I found myself marking up almost entire pages, particularly the art section: “Nature Journaling,” “Drawing at the Portland Art Museum,” “Botanical Illustration”! It all sounded so fun. There were even writing classes that are so up my alley: “Reading and Writing Stories in the End Times” and “Weird Fiction Workshop.”
Beyond the arts, there were earthquake preparedness courses, grant writing courses, and cooking courses. Why had I not dug into community college offerings more? I wondered to myself.
The answer, of course, is time. I’ve taken occasional remote classes form PCC such as identifying plants and foraging for beginners (which honestly is only so helpful when it’s online and not out in the woods). They were fun and interesting, but I hadn’t really dug in deeper, especially for in-person classes because being a working mom with a spouse who has an inflexible schedule can be a challenge. By the time I convinced myself to sign up for the “Drawing at the Portland Art Museum” class, though, it was a few days after registration opened and both sections were sold out. In fact, all the classes I was interested in were.
I was disappointed, of course, but I knew the array of offerings from the community college is a constant. And that is exactly what makes the community college so wonderful. It is a public, local resource that we should all be investing in. It’s a great thing these classes are full because it means they’re being utilized.
With a dad who spent his entire career as a community college professor—teaching English and communication studies—I was raised in a home that valued community colleges. While I ended up going to a four-year college, my dad and I had a lot of conversations about how essential community colleges are. They make secondary education accessible, but they also create a link to the community. They are public resource that helps maintain the vibrancy of a community.

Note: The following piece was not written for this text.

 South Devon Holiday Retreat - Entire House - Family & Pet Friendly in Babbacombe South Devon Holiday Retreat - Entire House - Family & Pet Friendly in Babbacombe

Thinking about why community colleges are so important reminded me of a conversation I had with
last year for a story about our babysitting co-op for Romper. We talked about her incredible book, Essential Labor, where she not only goes deeply into the transformative and social change-making role that mothers have in society, she is also proposing that we need a culture change around relying on one another and becoming a more collective society. In our chat for my Romper story, I asked her what steps we can take to change that culture of individualism. What she proposes was fairly simple: utilize the public spaces and community-oriented resources around us. Community centers, public libraries, parks and recreation, public schools, and I’ll even add community colleges there.While community college classes aren’t free, they cost far less than what one would pay for these classes from private entities. When we utilize these publicly available resource, we’re doing our part to invest emotionally in our community. And from a preparedness perspective, it’s so incredible to see all of the instructors who are teaching these skills. So many people with valuable skills to pass on to others. It’s a part of sharing and connecting more deeply with one another.
“We don’t need to re-create social structures wholesale, but we could learn more communal aspects of living, use them to rethink and reshape American family life,” Garbes writes in Essential Labor.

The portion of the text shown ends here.